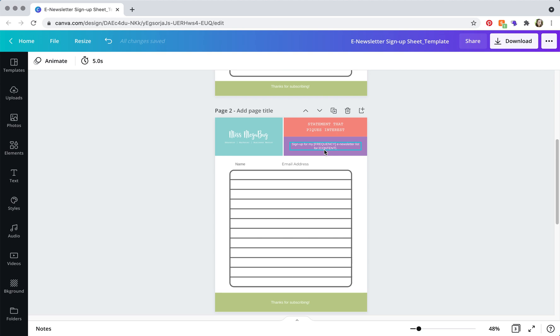they're more likely to sign up than if you don't say something because then they might think that you're like the typical email marketer and sends an email every single day. And people get sick of that. And then telling them what they're going to get also makes them more likely to sign up.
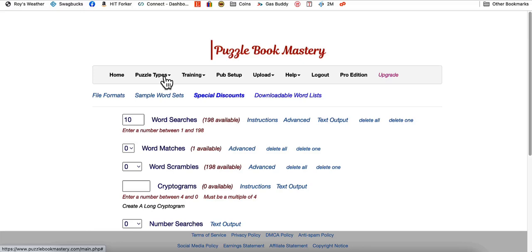So I hope you found this video helpful to you. If you're interested in the Puzzle Book Mastery, I'll have a link for that down below in the description box. I appreciate watching this video to the end and I'll see you in the next video. Thanks for watching. Please like and subscribe as well.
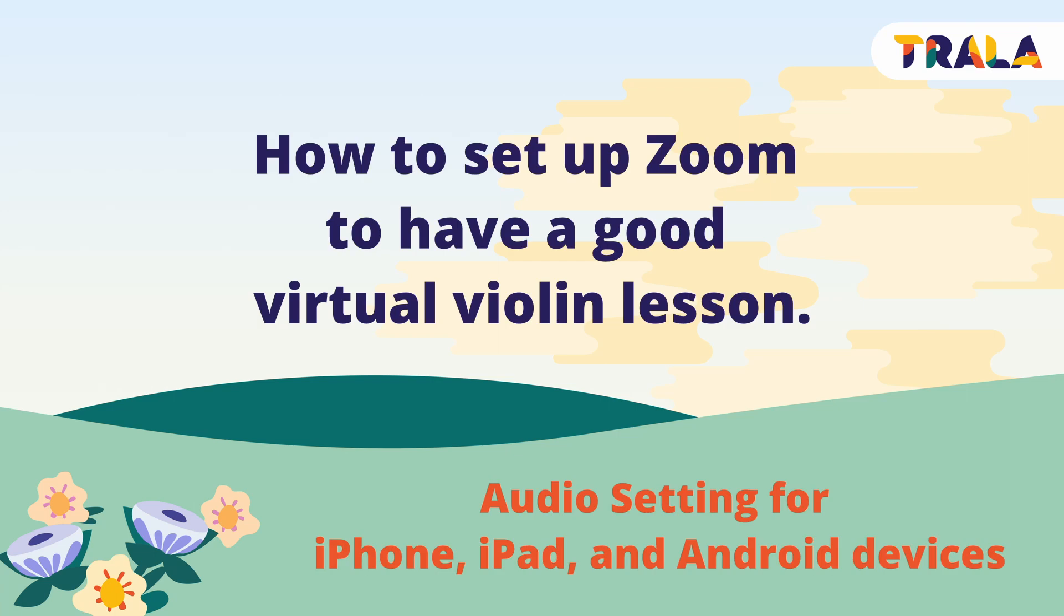Trala uses Zoom for private lessons. Some Zoom functions can help a virtual lesson be more effective and smooth.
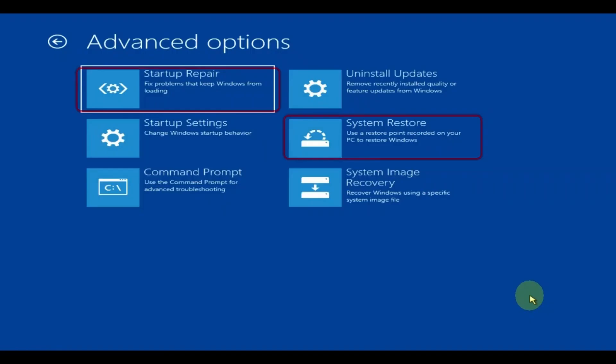Also, you might want to try in the advanced starting options a startup repair and system restore options that might help you as well.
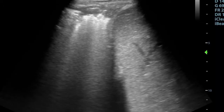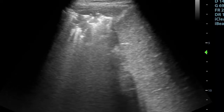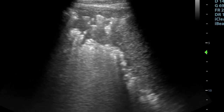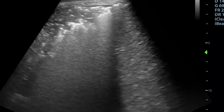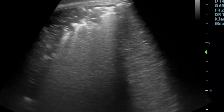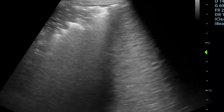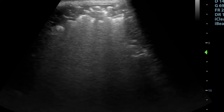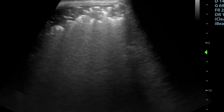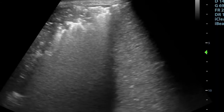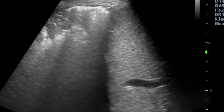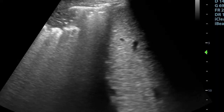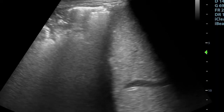We know from looking at pneumothoraces or pulmonary edema that the ultrasound of the lung is all about looking at the artifacts, namely A and B lines. Seeing these on the ultrasound tells us that there's air in the space immediately deep to where we first see them on the screen.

Exercise: Copy exactly the lines running from the line with "Also, you might" to the final line of the listing, keeping both ends and dropping any picture.

Response area:
Also, you might want to try in the advanced starting options a startup repair and system restore options that might help you as well.
We know from looking at pneumothoraces or pulmonary edema that the ultrasound of the lung is all about looking at the artifacts, namely A and B lines. Seeing these on the ultrasound tells us that there's air in the space immediately deep to where we first see them on the screen.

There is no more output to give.